Le film invite les spectateurs à aiguiser ses sens : l’ouïe, pour écouter les vents, les cris des craves à bec rouge mais aussi, dans le brouhaha des villes, les voix de deux philosophes contemporains. Et le regard, pour observer, à hauteur de chien ou de cheval, la vie d'un autre point de vue.
Nouvelle philosophie du vivant
Pendant 1h30, le spectateur découvre quatre protagonistes, chacun porteur d’une histoire propre. Stipa, vieille jument sauvage de Przewalski, occupe les vastes espaces du Causse Méjean où elle vit ses derniers instants. Elle est longuement observée par Baptiste Morizot, figure majeure de la « nouvelle philosophie du vivant », dont les recherches explorent les interdépendances entre les espèces. Alba et Vinciane Despret, elles, forment un duo indissociable. La placide chienne accompagne son humaine, philosophe belge, qui de conférences en plateaux de télévision, interroge nos rapports aux autres animaux que nous.
Le concept de décentrement
Depuis son premier film, Les Ventileuses en 2009, qui adoptait le point de vue d’une apicultrice et de ses abeilles, Sylvère Petit poursuit la même quête. Celle d'un décentrement. En plaçant sa caméra à hauteur d’animal, il s’efforce de déconstruire un regard humain qu’il juge trop anthropocentré, et montre une autre façon d’entrer en relation avec les autres espèces. « Les manières de nous voir au monde sont inévitablement le fruit de nos héritages et de nos inconscients.
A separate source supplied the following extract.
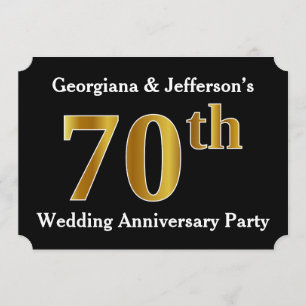 Invitation Faux Gold Look 70e fête Mariage
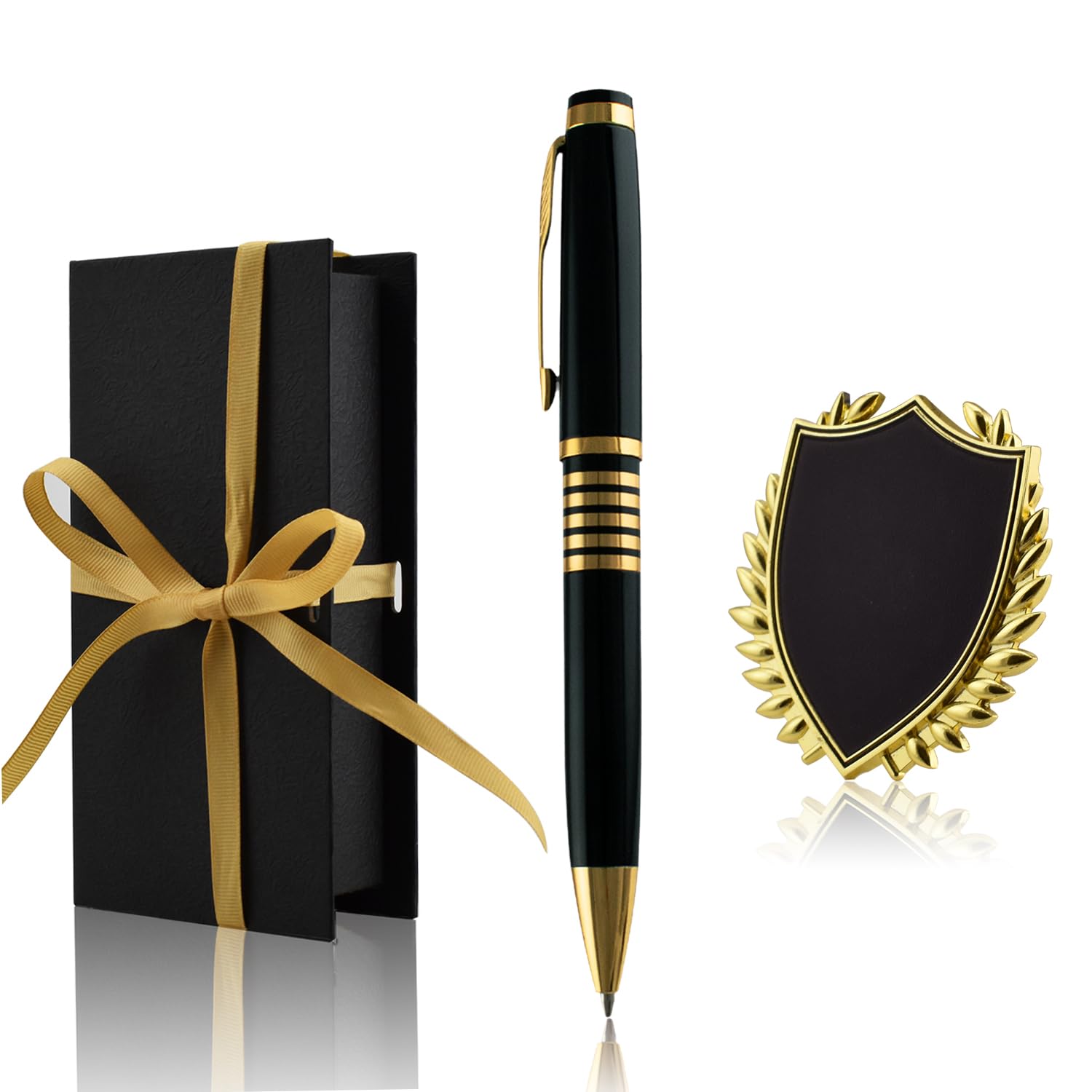Yastar Bolígrafo personalizado con una caja de regalo de medalla personalizada, 2 recambios de tinta negra extra grabados con tu mensaje personal o nombre comercial en los bolígrafos, perfecto para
Dans leurs travaux, Vinciane et Baptiste invitent les autres espèces en philosophie et nous aident ainsi à prendre de la distance. Et tenter de faire des films inter-espèces questionne également la grammaire cinématographique ».
Une nouvelle perception
Dans Vivant parmi les Vivants, la caméra adopte un regard égal envers chacun des protagonistes, humains comme animaux, témoignant d’une égale empathie. Le film articule de somptueuses images animalières et des conférences (elles aussi dans un style « animalier ») où les deux penseurs exposent leurs conceptions du vivant. Cette alternance trouve un écho particulier lorsque Baptiste Morizot, observant Stipa, la vieille jument sauvage de Przewalski, substitue au terme dominant celui de préséant. Par ce déplacement sémantique, l’auteur de Sur la piste animale, nous fait apercevoir une autre perception qui bouleverse nos certitudes.
Un projet singulier
Le tournage du documentaire s’est étendu sur trois années. Coproduit par la chaîne Arte et Les Films d’Ici Méditerranée, il a bénéficié du soutien de la Métropole de Montpellier grâce à son fonds d’aide ICC, tout comme le prochain long métrage de Sylvère Petit, La Baleine, une œuvre de fiction écrite avec le Montpelliérain Nathan Le Graciet. Inspiré d’un fait réel, basé sur l'histoire de Jean-Louis et Patricia Fabre, le film raconte l’obstination d’un vigneron malade et misanthrope qui entreprend de dépecer une baleine échouée sur une plage méditerranéenne afin d’en sauver le squelette d'un dynamitage sanitaire. Ce projet singulier réveille alors la peur et la violence chez ses voisins. Le rôle principal est interprété par le comédien catalan Sergi Lopez, tandis que, fidèle à son univers, Sylvère Petit a également confié des rôles marquants à une chouette effraie, une corneille et un chien.